Kentucky Producer Hannah Nilsson Tutors Beginning Sheep Producers
Hannah Nilsson has learned a lot since getting her start in the sheep industry (after returning to the family farm) and is sharing these experiences with others. Combine that practical knowledge of what works and what doesn’t with a passion for teaching, and she’s uniquely qualified to assist the growing number of sheep producers in her native Kentucky (and surrounding states).
“I like to talk with people about all the things I wish I had known when I got into farming,” says Hannah, who inherited what was left of the family farm in Windsor, Ky. Hannah’s grandmother always hoped that the original 50-acre homestead would continue to be used. “Grandma wanted this land to be productive, so we had to figure out what worked for us so we could honor that wish. I started researching sheep and kept coming back to Border and Bluefaced Leicesters.”
Some 25 sheep now call Windsor Wool Farm home. Many will live and die on the property, as Hannah specializes in the wool side of the industry. Recent years, however, have brought about a new interest: teaching.
“I think people have this Pollyanna view of farming, which is why there’s such a need for farming 101 style classes,” she says. “There’s such a growing interest in hobby farms, and many of the people moving to these places have no agriculture background or training. They want to do this more as a lifestyle than a business. That’s fine, but there’s still a need to educate those people about daily life on the farm.”
Hannah’s transition to teaching/consulting for sheep industry newbies began when she started selling sheep to other producers.
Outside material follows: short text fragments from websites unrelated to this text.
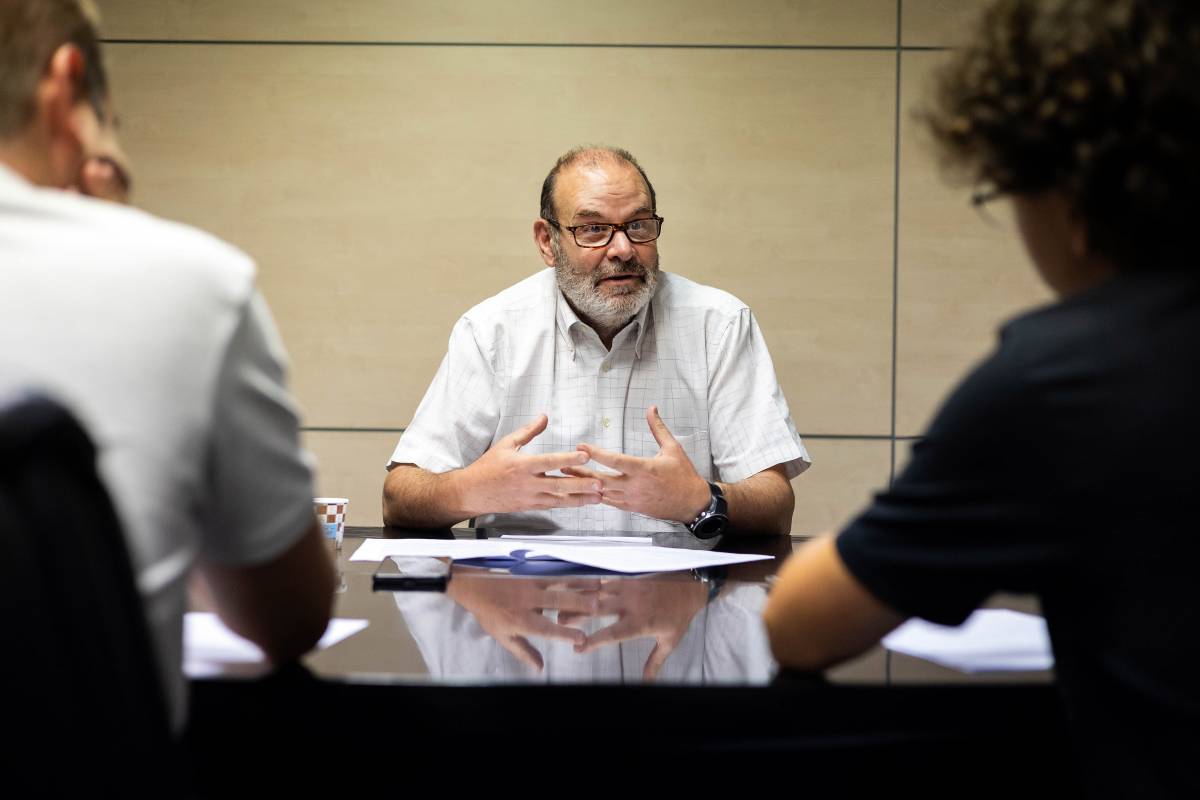 Òscar Escuder President de Plataforma per la Llengua - Hugo Fernández Òscar Escuder President de Plataforma per la Llengua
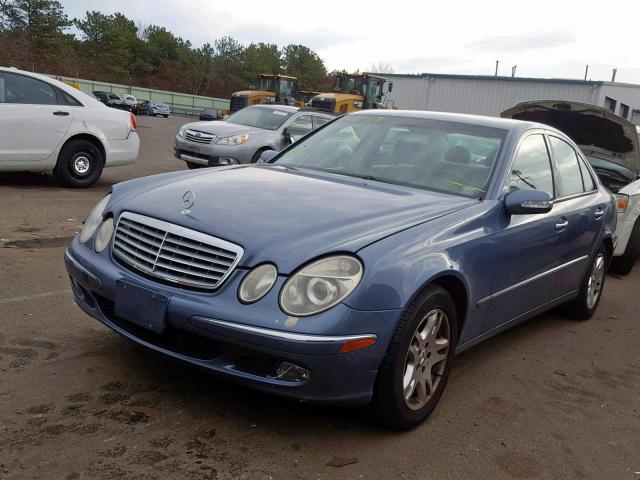 WDBUF65J13A153634 - 2003 MERCEDES-BENZ E 320 BLUE photo 2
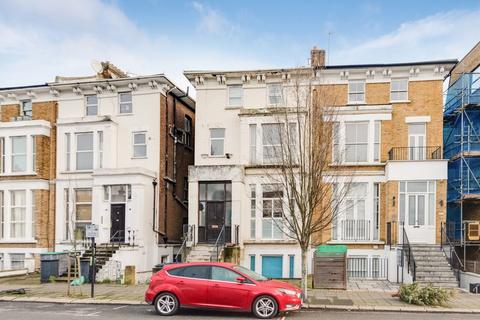 2 bedroom flat for sale, Argyle Road, London W13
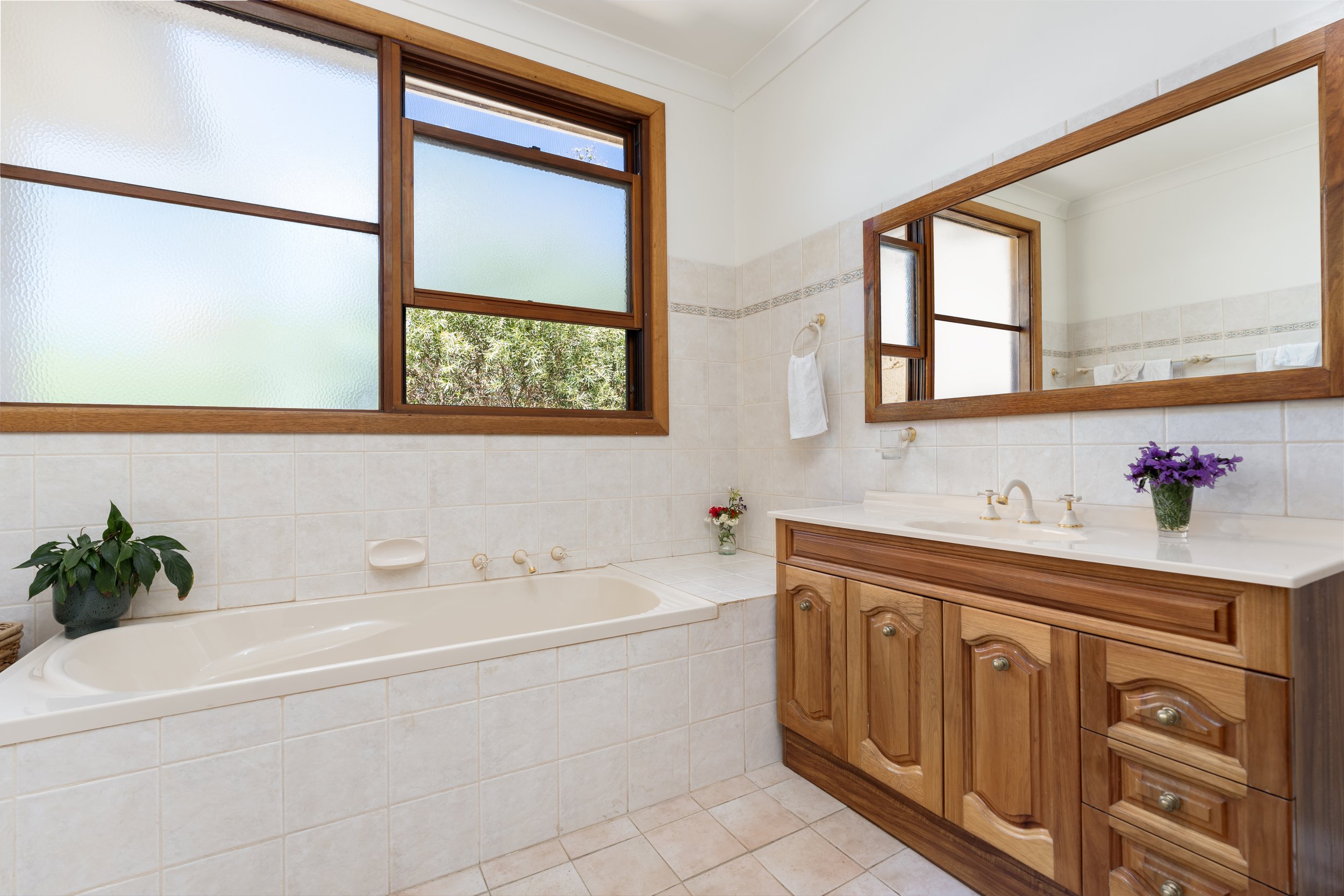 s-main bathroom.jpg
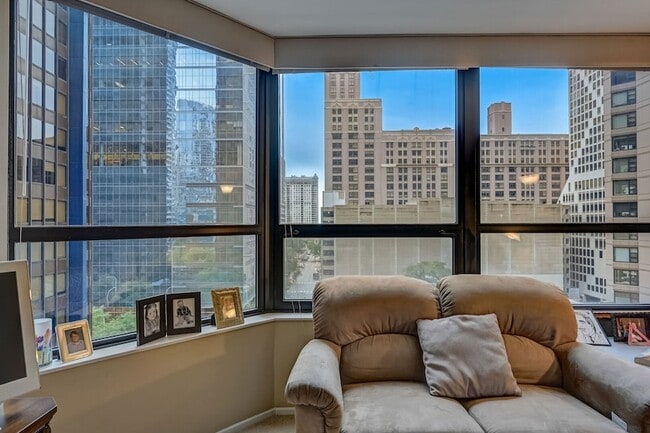 400 E Ohio St Unit 801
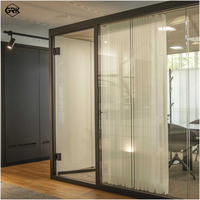 Cloison de séparation en verre moderne avec cadre en aluminium de 100 mm, stores intégrés, insonorisation 45 dB, écologique, pour bureaux et écoles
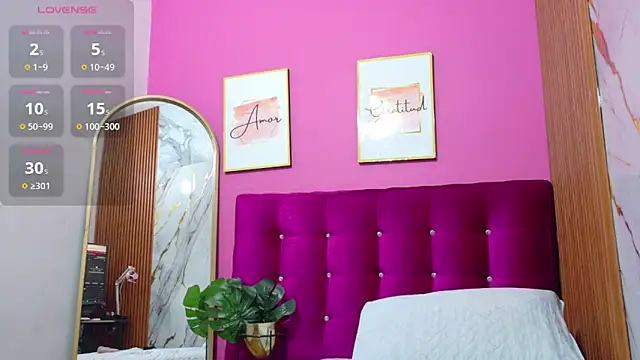 tightlittleebony online show from March 2026 07:24:02 PM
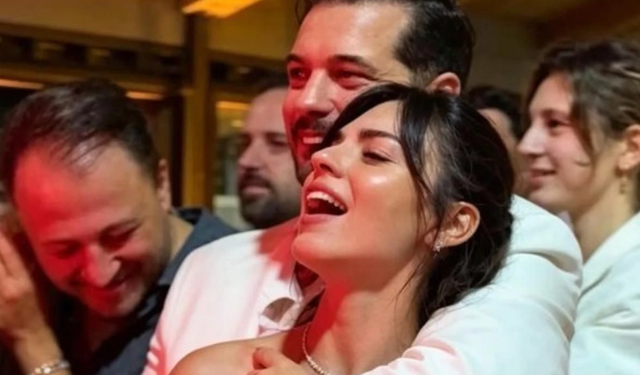 Çağatay Ulusoy ile Aslıhan Malbora'dan aşk pozu! Sarmaş dolaş kareler gündem oldu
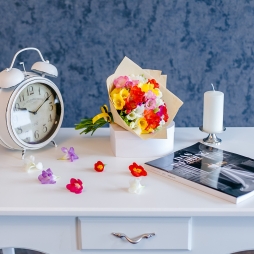 Buchet din frezii in hirtie naturala alt vedere product 4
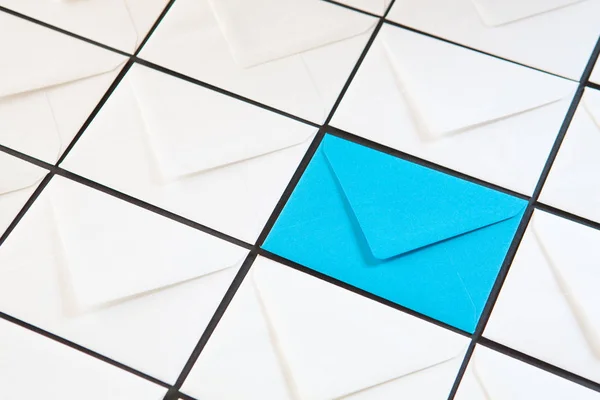 Composição Com Envelopes Brancos Azuis Sobre Mesa Envelopes Coloridos Diferentes — Fotografia de Stock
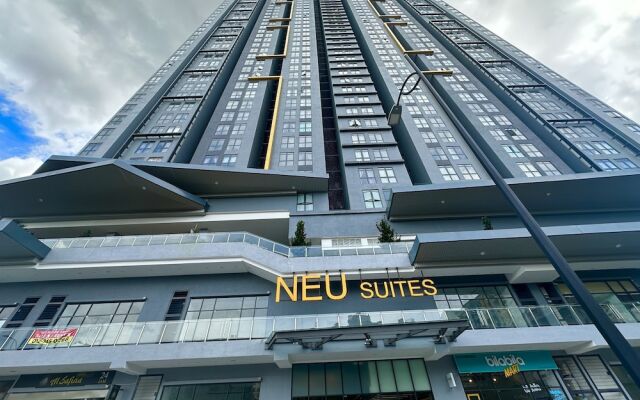 Neu Suites by Moonlight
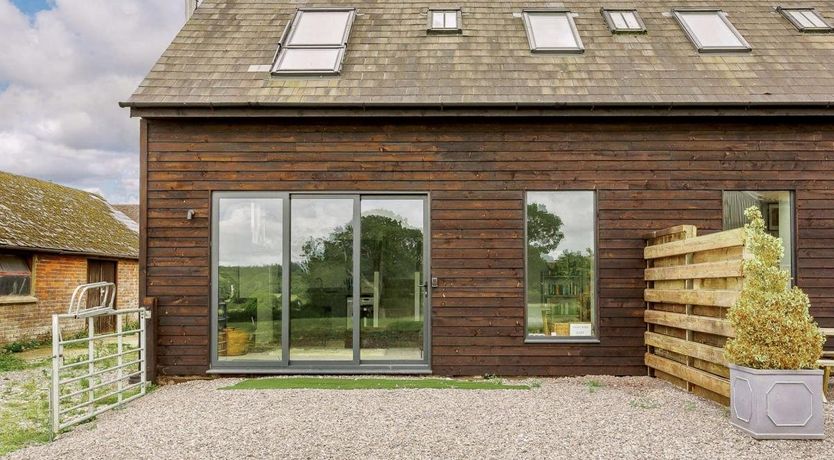 Photo of 2 Bed in Okeford Fitzpaine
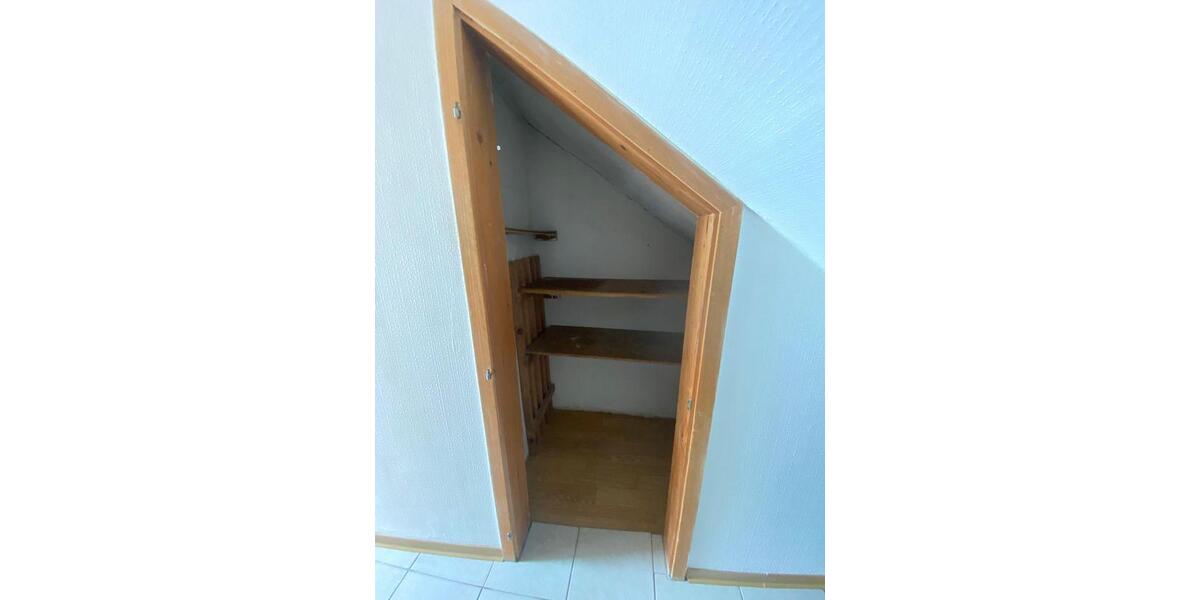 Dachgeschoßwohnung Monzelfeld - 3 Zimmer, 90 m&sup2;, 500&euro; | Angebot:26532444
She was quick to tell buyers to call with any questions, and consistently they took her up on the offer.
“A lot of my clients at the time were fiber artists just getting into this side of the wool industry, or beginning hobby farmers. I started making free farm consultation visits and a lot of it was because I wanted to make sure ‘my’ sheep were going to be taken care of. People said I didn’t sell sheep, I adopted them out. But I felt like it was important to be there after the sale.”
Early in her journey into the industry, Hannah found a similar mentor in Diana Anson (Alpine Acres). That relationship still exists today, and has provided a model for the way Hannah hopes to help others getting into the industry. Her teaching evolved into classes at sheep and goat gatherings within the state and now includes classes taught at her place in Windsor and individual consulting trips to prospective and existing farm operations.
“I felt the need to pay it forward,” she says. “The longer I’ve stayed in the industry, the more people began to ask my opinions on what they were doing with their own farms. It’s a part of my business that I’d like to grow in the years to come. I enjoy the opportunity to speak with new producers and to travel to their farms and help them create a plan for making their dreams come true.”
Generally Hannah’s classes and consultations begin with a worksheet that helps producers zero in on what they want and how they can get there.
Here are some general tips she offers:
• Start slow. Don’t buy 30 sheep right off the bat, unless you have the knowledge to do so.
“I always tell beginners to get three or four to start. After a few weeks, you might decide you don’t even like sheep. You can always buy more later.”
• Breed what you like.
“Diana told me this one time and it’s stuck with me. Ignore what everyone else says. Find what you like and do that.”
• Your grass and pastures will determine your stocking rate.
“People don’t pay attention to that. They might have too many sheep for the quality of pasture they have and then they’ll add a cow or horses on top of that. You have to understand what the land can support.”
• Work with the facilities you have.
“Not everyone can build that dream barn. Sometimes you have to work with what’s there, and there’s no shame in that.
• Make you mistakes on paper.
“I had a friend, Chet Roberts, who was a master builder and he used to tell me this. We make plenty of mistakes, but we try to make the big ones on paper and not in real life.”
• Where are you and where do you want to go?
“With my 101 class, I take people through this process. It’s beneficial for people to talk about this before they get started.”
• Find a mentor
“We all need a truth teller in our lives, someone who will tell you the good, the bad and the ugly about raising sheep and farming.”
• Investment should be tied to knowledge.
“If you don’t know a lot, you’re not allowed to invest a lot. As you gain knowledge, then you can start investing more money.”
Many small producers and new hobby farmers can feel isolated, intimidated or just not know where to go for information and guidance. Providing this type of information and mentoring can only help the industry as a whole.